Computed goto for efficient dispatch tables

July 12th, 2012 at 3:44 pm

Recently, while idly browsing through the source code of Python, I came upon an interesting comment in the bytecode VM implementation (Python/ceval.c) about using the computed gotos extension of GCC [1]. Driven by curiosity, I decided to code a simple example to evaluate the difference between using a computed goto and a traditional switch statement for a simple VM. This post is a summary of my findings.

Defining a simple bytecode VM

First let’s make clear what I mean by a "VM" in this context – a Bytecode Interpreter. Simply put, it’s a loop that chugs through a sequence of instructions, executing them one by one.
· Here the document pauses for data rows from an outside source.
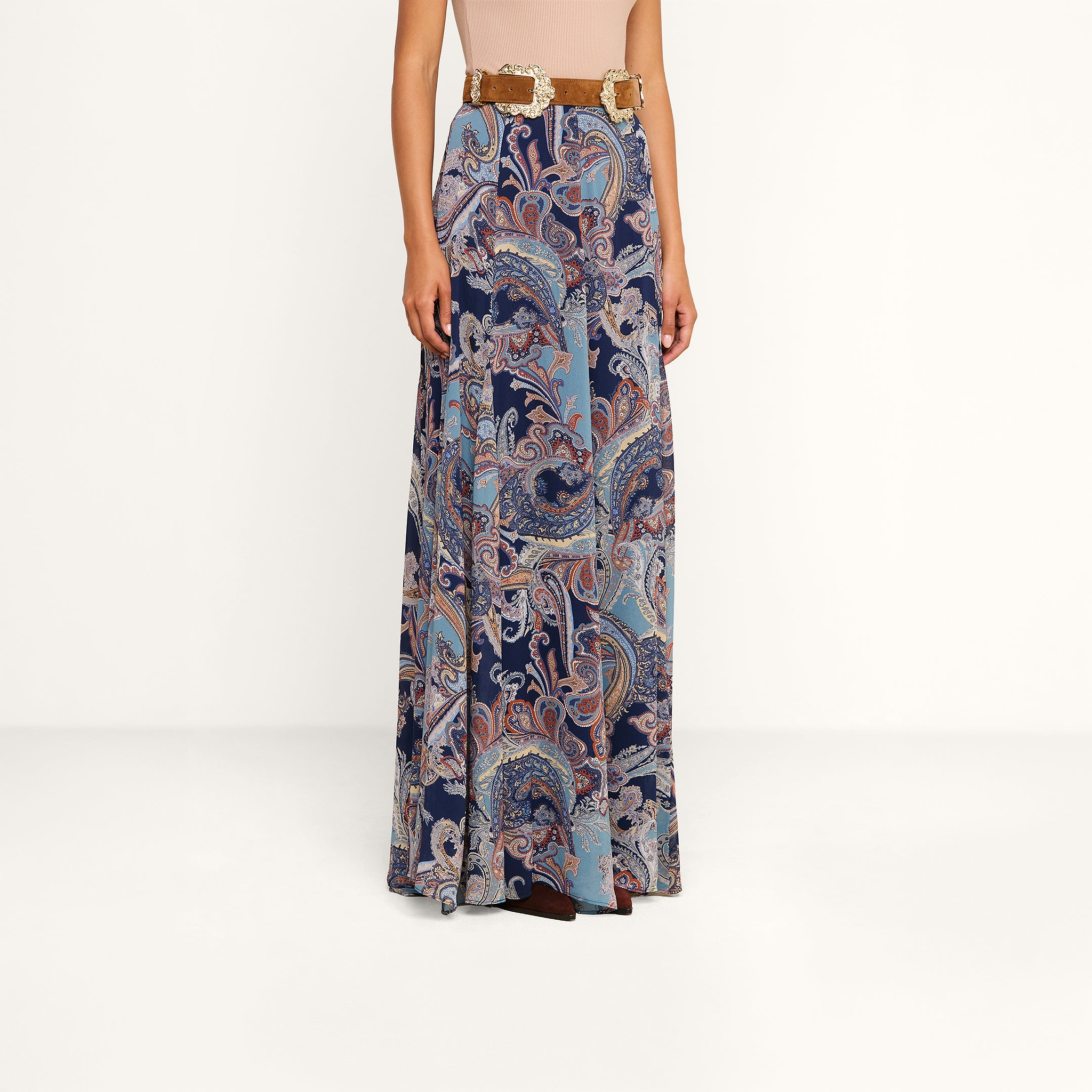 Wearing the Patrica Maxi Skirt, which features a long, flowing silhouette and a midnight blue and light brown paisley print, paired with a tan belt. The upper body and face are not visible against the plain white background.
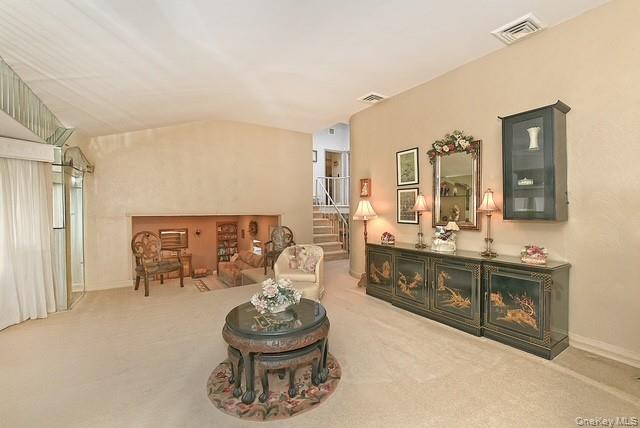 8 Brookstan Road Nesconset, NY 11767 - Photo 18 of 35 a living room with furniture and a wooden floor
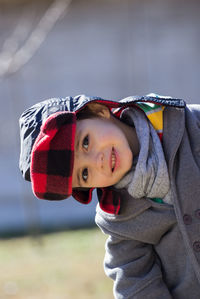 Close-up portrait of cute boy in warm clothing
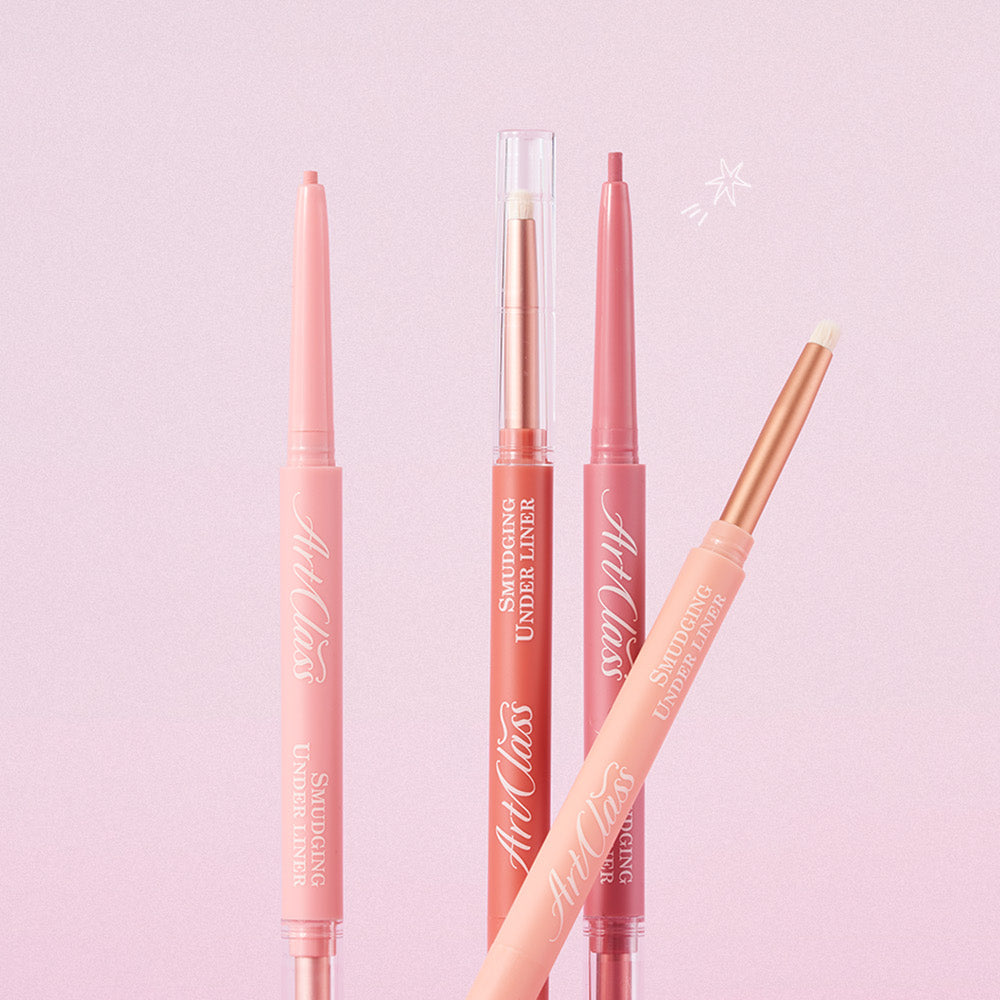 TOO COOL FOR SCHOOL Art Class Smudging Team Liner: crayons/liners rose corail sur fond rose, contexte maquillage artiste.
Using Python’s 2000-line strong (a bunch of supporting macros not included) PyEval_EvalFrameEx as an example wouldn’t be very educational. Therefore, I’ll define a tiny VM whose only state is an integer and has a few instructions for manipulating it. While simplistic, the general structure of this VM is very similar to real-world VMs. This VM is so basic that the best way to explain it is just to show its implementation:

#define OP_HALT     0x0
#define OP_INC      0x1
#define OP_DEC      0x2
#define OP_MUL2     0x3
#define OP_DIV2     0x4
#define OP_ADD7     0x5
#define OP_NEG      0x6

int interp_switch(unsigned char* code, int initval) {
    int pc = 0;
    int val = initval;

    while (1) {
        switch (code[pc++]) {
            case OP_HALT:
                return val;
            case OP_INC:
                val++;
                break;
            case OP_DEC:
                val--;
                break;
            case OP_MUL2:
                val *= 2;
                break;
            case OP_DIV2:
                val /= 2;
                break;
            case OP_ADD7:
                val += 7;
                break;
            case OP_NEG:
                val = -val;
                break;
            default:
                return val;
        }
    }
}

Note that this is perfectly "standard" C. An endless loop goes through the instruction stream and a switch statement chooses what to do based on the instruction opcode. In this example the control is always linear (pc only advances by 1 between instructions), but it would not be hard to extend this with flow-control instructions that modify pc in less trivial ways.

The switch statement should be implemented very efficiently by C compilers – the condition serves as an offset into a lookup table that says where to jump next. However, it turns out that there’s a popular GCC extension that allows the compiler to generate even faster code.

Computed gotos

I will cover the details of computed gotos very briefly. For more information, turn to the GCC docs or Google.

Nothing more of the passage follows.